I understand that some Port aficionados in the U.K. are said to consume an entire bottle of Port in a single day. Every day. I love the stuff, but I’m not quite in that league. There is a time and place for Port.

Most often it is in front of my fire, with a hunk of Stilton following a meal. There is something about the crackle of a log on the fire on a cold winter night that nurtures the craving for fortification. At other times I wouldn’t even be tempted to indulge in this inky black, sweet libation.

During a summer visit to Portugal’s Douro Valley, where authentic Port is made, I barely touched the stuff, concentrating instead on the increasingly attractive table wines of the region. But the seasons have turned and I now find myself reaching for the bottle of Graham’s Six Grapes before I sink into my soft leather chair for the evening.
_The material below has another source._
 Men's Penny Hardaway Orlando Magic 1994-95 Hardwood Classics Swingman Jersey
There are two basic types of Port (three, actually, if you count the rare white Ports that are usually made less sweet and served as an aperitif) and I have my own peculiar habit of taking bottle-aged ruby Ports – including Vintage Port – with savory cheeses, while I prefer a tawny Port with dessert.

That’s just me. You might do exactly the opposite and no one would say you were wrong. My thinking is that strong cheeses mask the subtle aromas of tawny. A good ruby has the power and primary fruit to take strong food flavors head-on.
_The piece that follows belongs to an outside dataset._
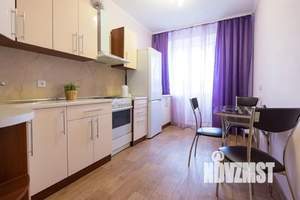 1-к квартира, посуточно, 43м2, 5/10 этаж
There are essentially four classes of ruby that I favor, beginning with the supple ‘vintage character’ Ports such as Fonseca Bin 27 and Graham’s Six Grapes. These are a step up from generic ruby Ports, which generally aren’t very interesting. Most vintage character Ports retail for less than $20 a bottle, and deliver a big bang for the buck. And you can open a bottle and keep it on the shelf a couple of weeks and still enjoy it.

At the next level are the vastly underrated Late Bottled Vintage Ports. These wines carry a vintage date, but typically are produced only in years when a vintage is not declared. They have neither the concentration nor the structure of a Vintage Port, but in some years they come close. They generally spend a little more time in barrel before bottling, to soften the tannins and make the wine more drinkable upon release. Dow’s, Taylor Fladgate and Fonseca all make excellent LBV Ports.

The sleeper Ports are the single-quinta Ports made from the best vineyards of the great Port houses. A quinta is a farm, or vineyard property, and the top vineyards generally produce exceptional wines even in years when the overall quality is not good enough to declare a vintage.

At Graham’s the top quinta is Malvedos, at Dow’s it’s Quinta do Bomfim, at Taylor’s it’s Quinta de Vargellas. All of the big Port houses have some vineyards that yield high quality nearly every year. Wines made from those properties carry a vintage designation, though they are not considered ‘Vintage Port’ in the classic sense.

Consumers are wise to snap up the good ones, for they are generally priced 30 to 40 percent below the price of a Vintage Port from the same house, but the quality isn’t that different. I recently had a 1965 Graham’s Malvedos that was absolutely gorgeous, so it’s obvious to me some of these single-quinta Ports will hold up over time just as a classic Vintage Port would.

Of course, Vintage Port is the ultimate in the Port world, and justifiably so. The best will improve in the bottle for many decades, developing a stunning complexity of aromas as they age. From great years, such as 2003 or 1997, Vintage Ports from the top houses start at about $75.

There is a time and place for these wines, as well. But for the moment, I am content with my vintage character Port, a nice cheese and a roaring fire. I am ready for winter.